- _Assigned task_
Copy all the data exactly, except the pictures.

- _Given information_
• • • •
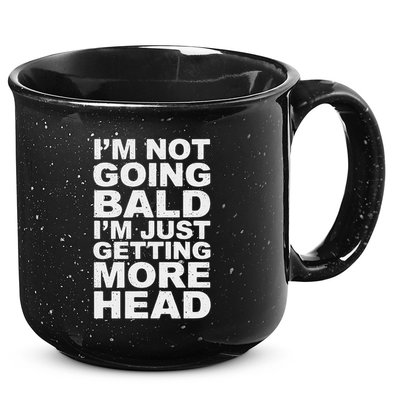 I’m Not Going Bald I’m Just Getting More Head 15oz Campfire Ceramic Mug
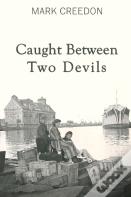 Caught Between Two Devils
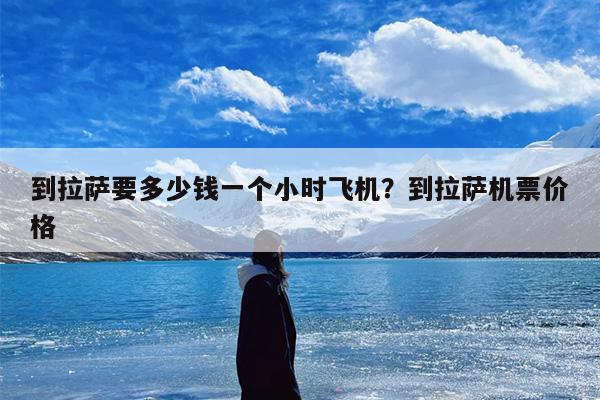 到拉萨要多少钱一个小时飞机？到拉萨机票价格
• • • •
- _Exercise output_
 I’m Not Going Bald I’m Just Getting More Head 15oz Campfire Ceramic Mug
 Caught Between Two Devils
 到拉萨要多少钱一个小时飞机？到拉萨机票价格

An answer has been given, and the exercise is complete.